PORTLAND — Contrary to what a city official said last week, Portland sewer and water officials did have experience dealing with brewery operations in 1996, when a metering mistake was made that cost the city hundreds of thousands of dollars in lost revenue from Shipyard Brewing Co.

City spokeswoman Nicole Clegg said Friday that senior wastewater technician Dave Peterson, who was in charge of setting up sewer accounts, was probably unfamiliar with brewery operations at the time because Shipyard was the city’s first brewery to operate in modern times.

Peterson, a highly regarded city employee who died in 2007, failed to set up a sewer account for Shipyard when the brewery installed a second 6-inch water line in 1996. He told a now-retired Portland Water District employee that water from the new line was going into beer bottles, not the city sewer system, according to Ron Miller, general manager at the water district. The mistake meant Shipyard was billed for only a fraction of its sewer fees over a 15-year period.

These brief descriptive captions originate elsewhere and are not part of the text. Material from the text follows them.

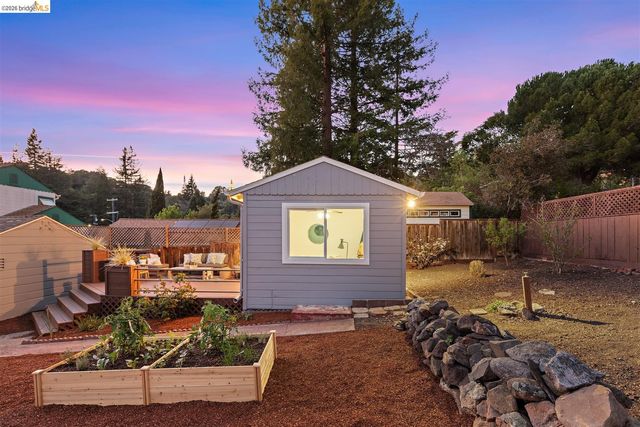 3292 Jordan Rd, Oakland, CA 94602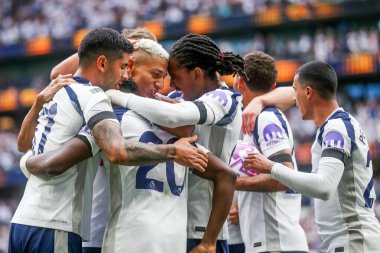 Tottenham Hotspur takımından Richarlison, 16 Ağustos 2025 'te Tottenham Hotspur Stadyumu' nda oynanan Premier League maçında takım arkadaşlarıyla 2-0 'lık galibiyetini kutluyor.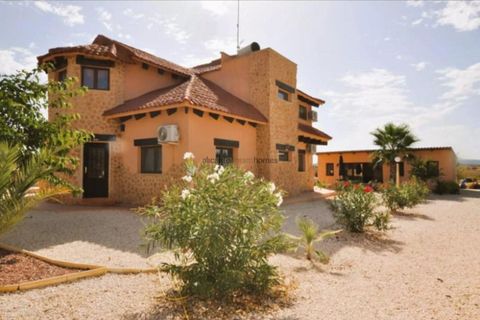 Villa i Pinoso, Alicante, Pinoso - € 499.995 | Ref: GM7258 - foto 5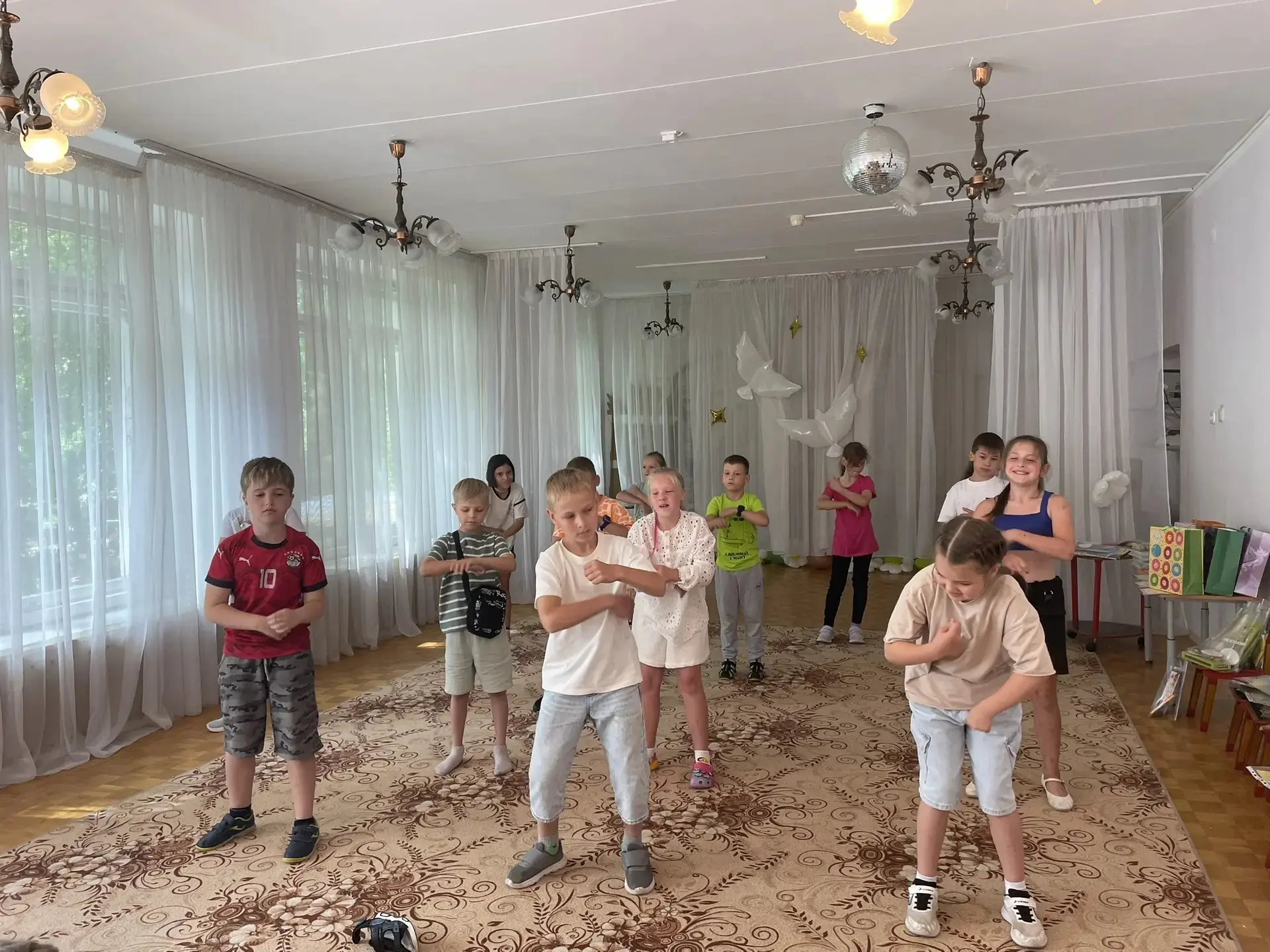 Яркий финал смены в лагере «Ласточка»!

В детском лагере «Ласточка» состоялось торжественное закрыти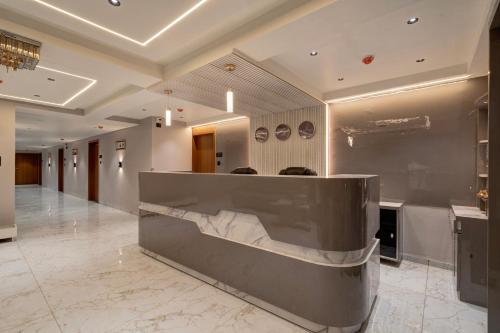 hotel shrimad villa gandhinagar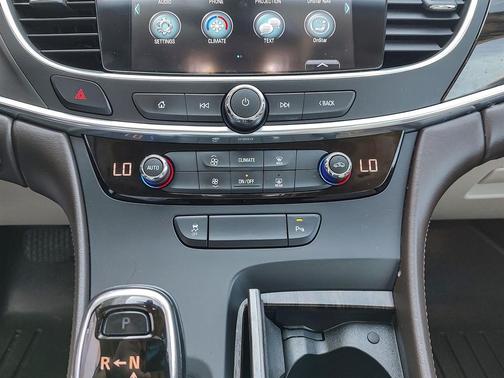 2017 Buick LaCrosse Preferred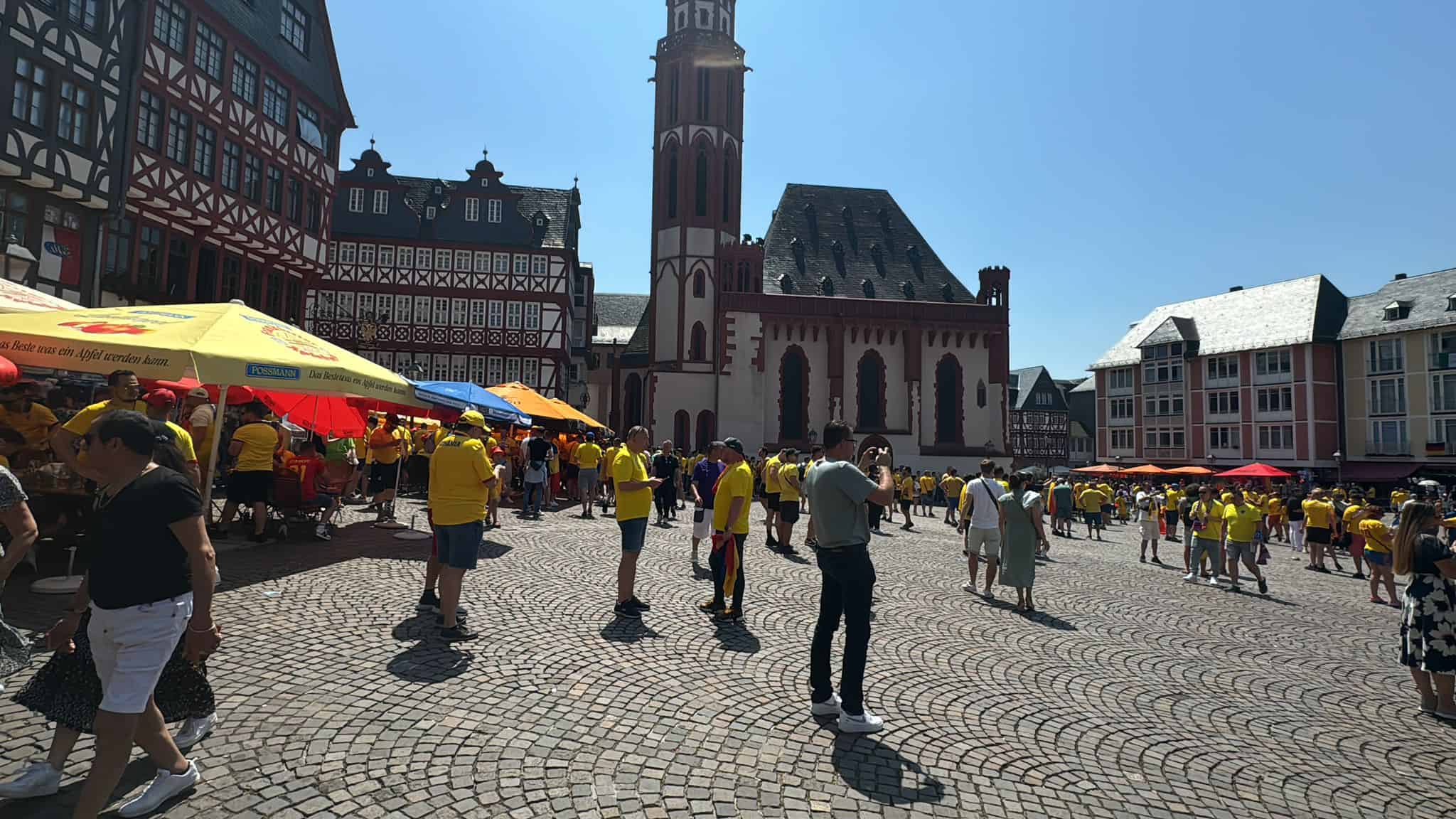 LIVE TEXT Peste 30.000 de români, printre care și sibieni sunt la Frankfurt ca să susțină ”tricolorii”. România - Slovacia 1-1 și ”tricolorii” merg în optimile de finală de pe primul loc în grupă (video, foto)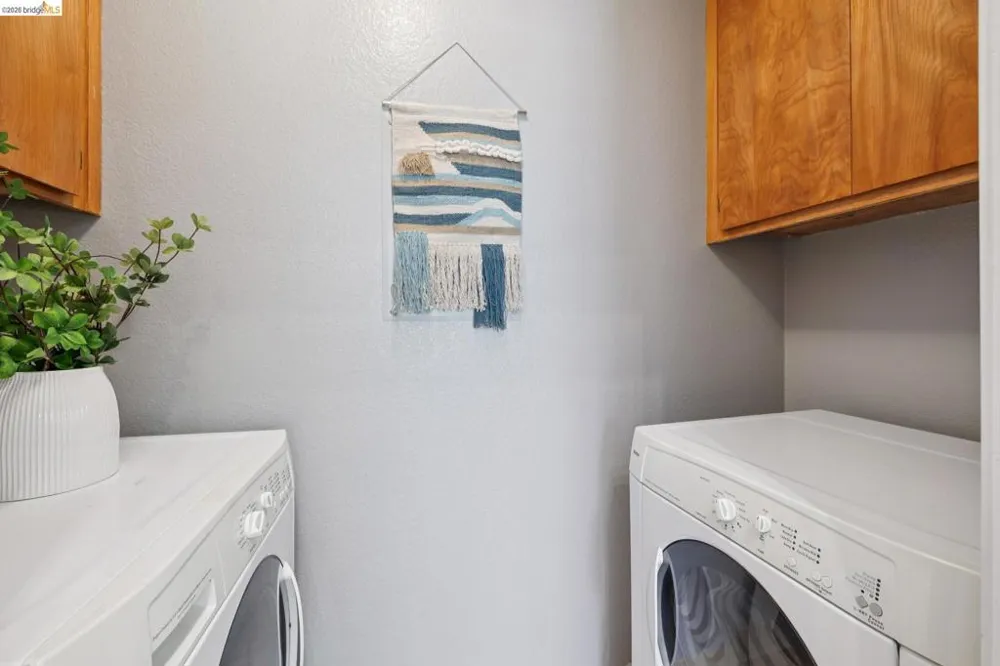 6 Schooner Ct Richmond, CA 94804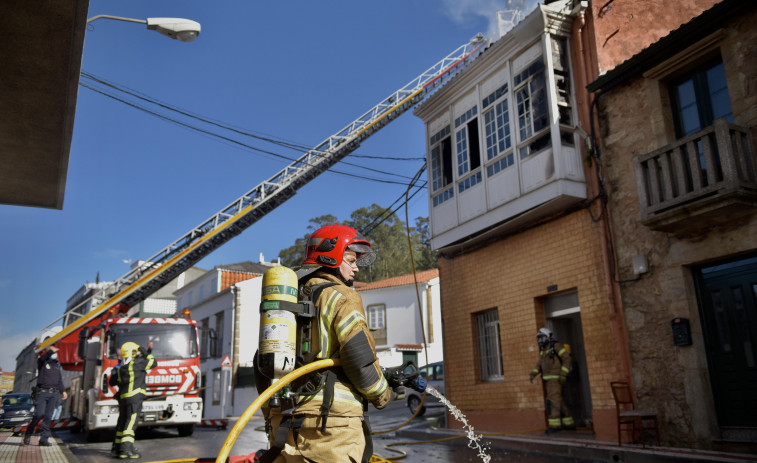 Una estufa junto a una cortina provoca un incendio en una casa de la travesía de Arteixo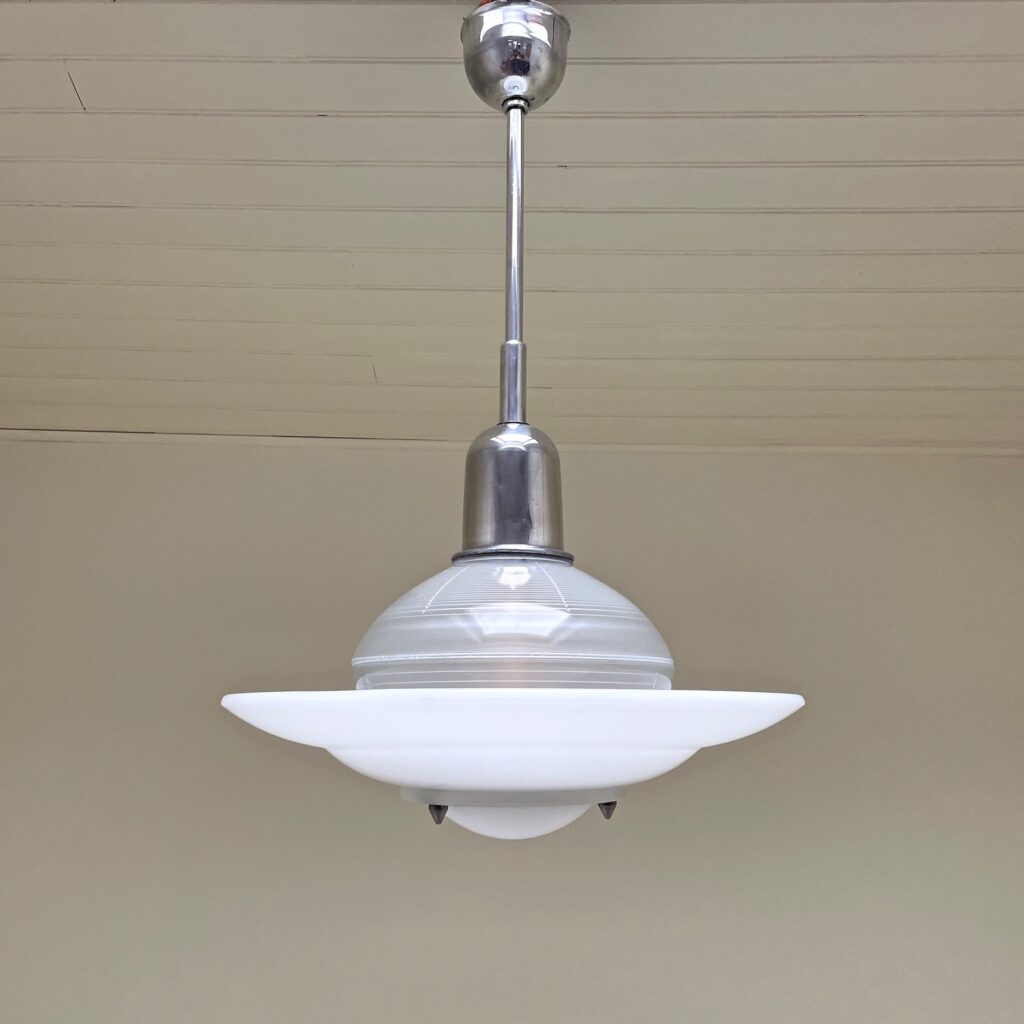 Grande_Suspension_Holophane_PA300_Opaline_verre_maison_liedekerke_LK_4.jpg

But five other breweries were already operating in Portland in 1996 – D.L. Geary Brewing Co. opened in 1986; Gritty McDuff’s in 1988; and Allagash Brewing Co., the now defunct Stone Coast Brewing Co., and Casco Bay Brewing Co. all opened in 1995.

At least one, Gritty McDuff’s, already had a separate submeter in 1996 that measured the amount of water going into beer kegs and bottles rather than into the sewer system.

Clegg said Monday that she believes Shipyard was larger than the other breweries at the time, and that may have played a role in the mistake.


She said the city needs time to complete its investigation into why no sewer account was set up for the new water line, which was installed two years after Shipyard moved to the city from Kennebunk. Still, she said, officials so far have not found an “ulterior motive” or evidence to suggest anything other than that a city employee made the wrong assumption about the amount of water entering the sewer system.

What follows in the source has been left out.